Gospel Principles Lesson One: Our Heavenly Father
–From Robert Fulghum:
“[My mother's maiden name] was Howard. She came from a big Memphis clan that was pretty close and was referred to as the Howard Family. As a small child, I thought of myself as a member of the Howard Family because it was often an item of conversation as in “The Howard Family is getting together,’ and The Howard Family thinks people should write letters to their grandmother.” The matriarch, my grandmother, was referred to as Mother Howard. . . . Howard was a name that was important to me from early on in my life. What happened was that I got packed off to Sunday School at around age four and the first thing I learned was the Lord’s Prayer, which begins “Our Father, which art in heaven, Hallowed by Thy name.” And what I heard was “Our Father, which art in heaven, HOWARD be Thy name.” And since little kids tend to mutter prayers anyhow, nobody realized what I was saying was Howard. And believing I was a member of His family–the Howards. Since I was told that my grandfather had died and gone to heaven, God and my grandfather got all mixed up in my mind as one and the same. Which meant that I had a pretty comfy notion about God. When I knelt beside my bed each night and prayed, “Our Father, which art in heaven, Howard be thy name,” I thought about my grandfather and what a big shot he was because, of course, the prayer ends with “For Thine is the kingdom, the power, and the glory forever and ever, Amen.” I went to bed feeling pretty well connected to the universe for a long, long time. It was a Howard Family Enterprise. All human images of the ultimate . . . are metaphors, and as metaphors go, this is a pretty homey one. And I thought it for so long that even when I passed through all those growing-up stages of skepticism, disbelief, revision and confusion–somewhere in my mind I still believed in Howard. Because at the heart of that childhood image there is no alienation.”

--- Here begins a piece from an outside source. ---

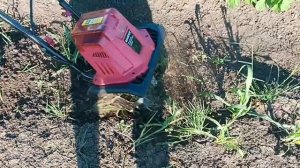Аккумуляторный культиватор, в деле.😅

–I love this story because of the delicious mixture of getting the nature of God absolutely right and absolutely wrong at the same time. Also because his knowledge–even imperfect–blessed his life. Obviously, Howard isn’t God. But–and would that it were also obvious to each of us–God is as close to us as a grandparent. I hope in this lesson we can think about what we know about God, how that knowledge blesses our lives, and what we can do to know more about God–to refine our knowledge and maybe even get rid of some misconceptions.
There Is A God
–I’m going to share my personal story of first knowing of the reality of God. Ask: Does anyone else have a similar experience that they would like to share?
–If you knew someone who was doubting the existence of God, what would you tell her?
–Read Alma 30:44. Some people take the same data (i.e., existence of planets, natural elements) and reach the opposite conclusion (=that there is no God). What do you do with that? How do you develop the perspective that lets you take something (stars, plants, whatever) and see God’s hand in it as opposed to seeing the absence of God from it? How might this be relevant to your life?
–There are so many titles for God in the scriptures. Which ones resonate with you and why? I like JS’s “great parent” mentioned in this section!
The Nature of God
–”Because we are made in His image, we know that our bodies are like His body.” How does this (or: how should this) affect how we think about our bodies?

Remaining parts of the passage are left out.